"Tradycyjna kampania to marnowanie pieniędzy". Wyrachowana gra wyborcza?

"Tradycyjna kampania to marnowanie pieniędzy". Wyrachowana gra wyborcza?

Dodano:   /  Zmieniono: 
"Tradycyjna kampania to marnowanie pieniędzy". Wyrachowana gra wyborcza?, fot. sxc.huŹródło:FreeImages.com
Zamiast na kampanię wyborczą, pieniądze przeznaczają na obiady dla biednych uczniów, domy dziecka i operacje dla potrzebujących. - Tradycyjna kampania to marnowanie pieniędzy. Zamiast jednego bilbordu wyborczego można kupić 630 obiadów w szkole - wylicza Agnieszka Wojciechowska van Heukelom walcząca o fotel prezydenta Łodzi z list Kongresu Nowej Prawicy.
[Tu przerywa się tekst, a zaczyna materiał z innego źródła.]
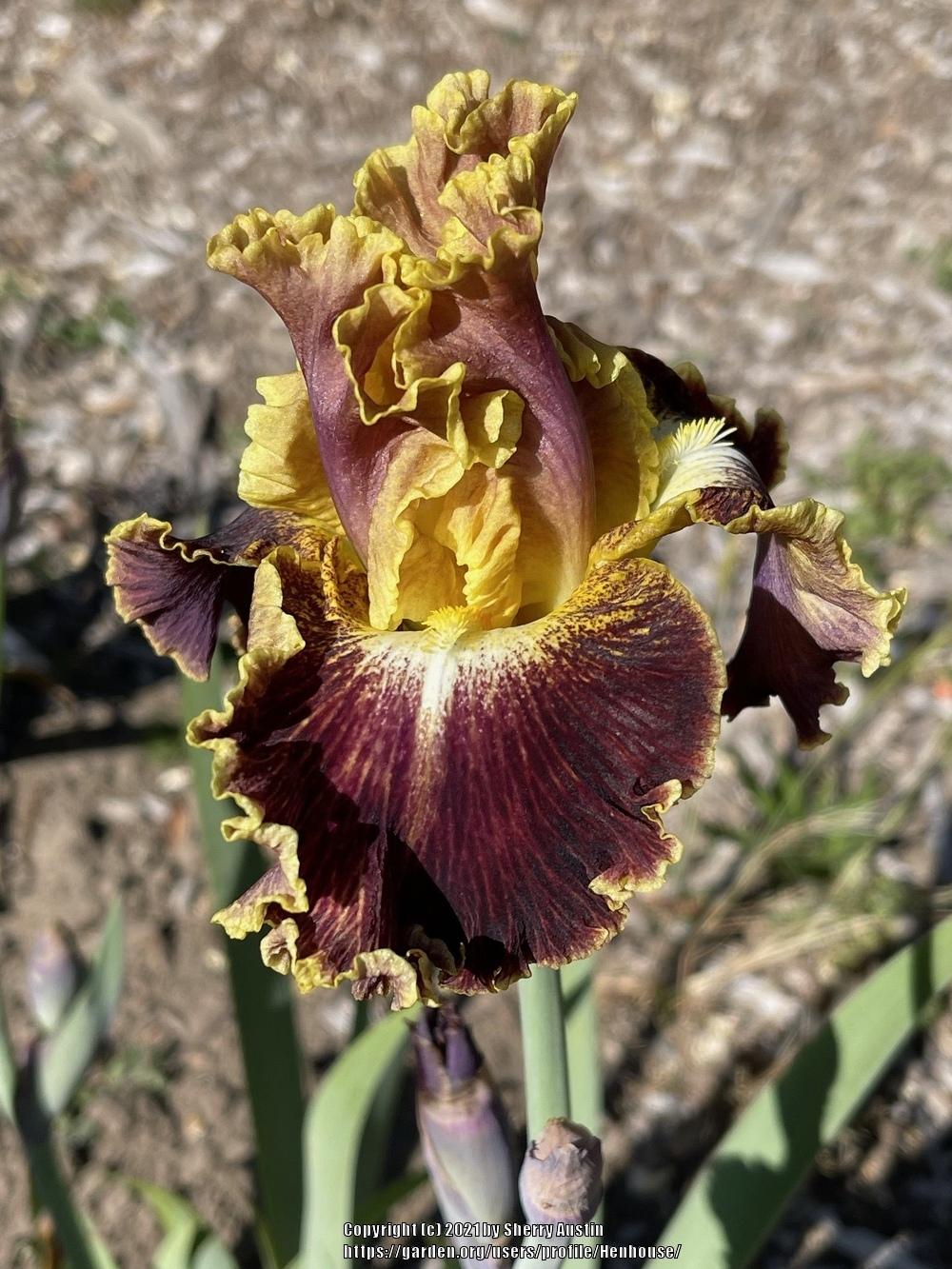 Photo of Tall Bearded Iris (Iris 'Volcanic Glow') uploaded by Henhouse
Wojciechowska van Heukelom podkreśla także, że aby dać przykład swoim konkurentom podaruje jednej ze szkół 2 tys. złotych, które miała wydać na swój plakat wyborczy.

Piotr Gulczyński, który chce zostać radnym Kalisza pieniądze, które zebrał na kampanię wpłacił na rzecz 10-letniej Oliwii, zmagającej się z białaczką.

- Uznałem, że zrobię w ten sposób lepszy użytek z tych pieniędzy. Kampania zaśmieca miasto, a ta dziewczynka po prostu potrzebuje pomocy - podkreśla kandydat Stowarzyszenia "Samorządny Kalisz", który na rzecz dziewczynki wpłacił 5 tys. złotych.

Trudno wierzyć w szczerość intencji dobroczyńców, jeżeli o swoich gestach informują na specjalnie zorganizowanej konferencji prasowej albo podkreśla ją w czasie wywiadu.

- Nie chcę jednoznacznie oceniać szczerości działań tych osób, ale może być tak, że za tymi pięknymi gestami stoi zwykły interes polityczny. Jeżeli ktoś przekaże środki na zbożny cel może liczyć na atencję mediów. A to z kolei podnosi jego popularność, czyli de facto jest kampanią - mówi prof. Piotr Pawełczyk, specjalista ds. wizerunku politycznego z Uniwersytetu im. Adama Mickiewicza w Poznaniu.